We might also note that ritual washings, both prescribed and traditional, are called (not exclusively) in both the NT and LXX "baptisms." So it is far too reductionistic to choose one type of "baptism", particularly a traditional one and not even one prescribed by Moses or otherwise described in Scripture, and arbitrarily decide that this must have dominanted the thinking of the people. The more familar ritual cleansings from the Law are far more likely to have resonated with people who grew up listening to the Law read. Those would more likely have dominated their thinking.
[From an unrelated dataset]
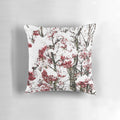 A decorative pillow featuring a minimalist design of snowy berries and branches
How many Jews would have even been familiar with _the various_ prostelyte initiation rites (belonging to the differing sects of the Jews, sometimes including a ritual cleansing) beside circumcision, alone prescribed in the Law? How many of them even knew Jews who were not born into the community? To understand why the NT data is as limited as it is requires only that one accept the full scriptural background to that data, that supplies it and informs it. Suddenly, the data does not look so small after all. We do not need accounts of "prostelyte baptism," of which Scripture knows and mentions *not so much as a single word*, in order to understand a Jewish mindset relative to baptism.

John's baptism was associated with repentance and cleansing. John was saying, in effect, "Your circumcision act of ritual cleansing (see Rom. 2:29; Col. 2:11) is not sufficient; you need repentance within. If you realize this, if you know the imminent Messiah will not take you solely on the basis of your ritual possession, then repent and come be cleansed." The major news (though far from brand-new news, cf. Deut. 10:16) is: *Circumcision is not enough.*

So it is this baptism by John that begins the process of supplanting circumcision--not overnight, not in a moment. But as the New Covenant breaks in, it brings change. Circumcision is demonstrably insufficient--on the basis of Moses' own testimony and that of John the Baptist. That which goes beyond circumcision (baptism), therefore, has at least a surface claim to replacing it through superiority. But it is Jesus himself who necessarily _commands_ baptism as the visible sign of New Covenant inclusion (Mt. 28:19), thus replacing circumcision in fact.

Whether baptism is immediately recognizable by all as _fully replacing_ circumcision is not of tremendous significance. That is the task of preaching the New Covenant. And even the apostles grow in their comprehension and ability to pull the issues together into clarity. For we know that both rites are practiced side by side for some time in the prdominantly Jewish church. It is the dawning of Gentile inclusion that forces the church to face the issue squarely. This is followed by the explicit declaration of the church (Acts 15; Gal. 2:3,15, 5:2), that circumcision is of no more spiritual import.

Yet one can see, as early as Pentecost, the church (via Peter) proclaiming a connection between repentance, baptism, and promise/covenant (Eph. 2:12). It is Peter who connects the new era to the old by invoking the language of Gen. 17 (Acts 2:29). And Paul who verbally makes clear the connection between baptism's significance and circumcision's (Col. 2:11-12).

So even if there were _a few_ who did make connections between one form of "prostelyte initiation" and baptism, that in and of itself does not establish any bona fide biblical connection between the two. The former has exactly ZERO religious significance in the Old Economy, biblically. The latter has the force of law under the New.